Facts & Procedural History
[3] Late in the evening on December 6, 2018, Lester used a screwdriver to break into the locked garage of Jeffery and Rebecca Wooten. With his son's help, Lester removed over $750 worth of property from the garage and loaded it into his vehicle. An officer responded after a neighbor called the local sheriff's department. The officer observed Lester's vehicle being driven away from the scene with its headlights and taillights turned off. Following a traffic stop, Lester and his son gave conflicting stories to the officer. Thereafter, Jeffery Wooten identified the stolen property found in Lester's vehicle and noted damage to his walk-in garage door.
[4] On May 1, 2019, the State charged Lester with Level 5 felony burglary and Level 6 felony theft. While out on conditional bond, Lester tested positive for cocaine and missed three required drug screens. On August 23, 2019, following a hearing, the trial court revoked Lester's bond. Thereafter, on September 27, 2019, Lester entered into a plea agreement with the State, pursuant to which he pled guilty to burglary and the theft charge was dismissed. Sentencing was left to the trial court's discretion.
[5] On October 24, 2019, the trial court accepted Lester's guilty plea and held the sentencing hearing. The trial court found as mitigating factors: "Defendant pled guilty and accepted responsibility; he has significant mental health issues; he has physical health issues; he has shown remorse for his actions; long term incarceration would cause a hardship on his Wife; and he has strong family support." Appendix at 15. As aggravating factors, the court found: "Defendant's criminal history; he has had six Petitions to Revoke Probation filed against him with 3 having been found true; he has had 3 Motions to Commit filed against him with all being found true; he violated pre-trial conditions in this case; and prior attempts at rehabilitation have failed." Id. at 16. The trial court determined that the mitigating and aggravating factors were in balance and sentenced Lester to the advisory sentence of three years, all executed in the DOC. Lester now appeals.

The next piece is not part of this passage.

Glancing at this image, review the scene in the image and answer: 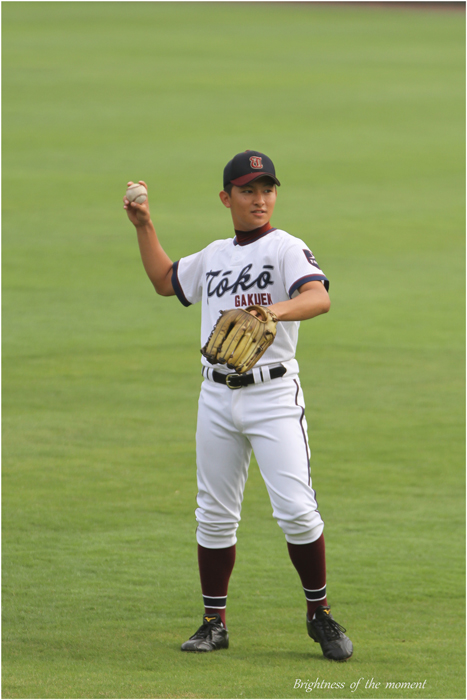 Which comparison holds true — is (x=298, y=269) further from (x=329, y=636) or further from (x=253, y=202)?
(x=329, y=636)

Additional information will be provided below as needed.
Discussion & Decision
[6] Lester contends that his sentence is inappropriate. We may revise a sentence authorized by statute if, after due consideration of the trial court's decision, we find the sentence inappropriate in light of the nature of the offense and the character of the offender. Ind. Appellate Rule 7(B). Indiana's flexible sentencing scheme allows trial courts to tailor an appropriate sentence to the circumstances presented and the trial court's judgment "should receive considerable deference." Cardwell v. State, 895 N.E.2d 1219, 1224 (Ind. 2008). The principal role of appellate review is to attempt to "leaven the outliers." Id.
at 1225. Whether we regard a sentence as inappropriate at the end of the day turns on "our sense of culpability of the defendant, the severity of the crime, the damage done to others, and myriad other factors that come to light in a given case." Id. at 1224. Deference to the trial court "prevail[s] unless overcome by compelling evidence portraying in a positive light the nature of the offense (such as accompanied by restraint, regard, and lack of brutality) and the defendant's character (such as substantial virtuous traits or persistent examples of good character)." Stephenson v. State, 29 N.E.3d 111, 122 (Ind. 2015). The burden is on the defendant to persuade us that his sentence is inappropriate. Childress v. State, 848 N.E.2d 1073, 1080 (Ind. 2006).
[7] Lester received the advisory sentence of three years for his Level 5 felony. See Ind. Code § 35-50-2-6(b) (sentencing range for a Level 5 felony is between one and six years, with the advisory sentence being three years). This sentence is the starting point the legislature has selected as an appropriate sentence for the crime committed. Vega v. State, 119 N.E.3d 193, 203 (Ind. Ct. App. 2019).
[8] On appeal, Lester does not challenge the length of his sentence. Instead, he argues only that it was inappropriate for the trial court to impose a fully executed sentence. He asks that we revise his sentence to a term of three years with two years executed in the DOC and one year suspended to probation.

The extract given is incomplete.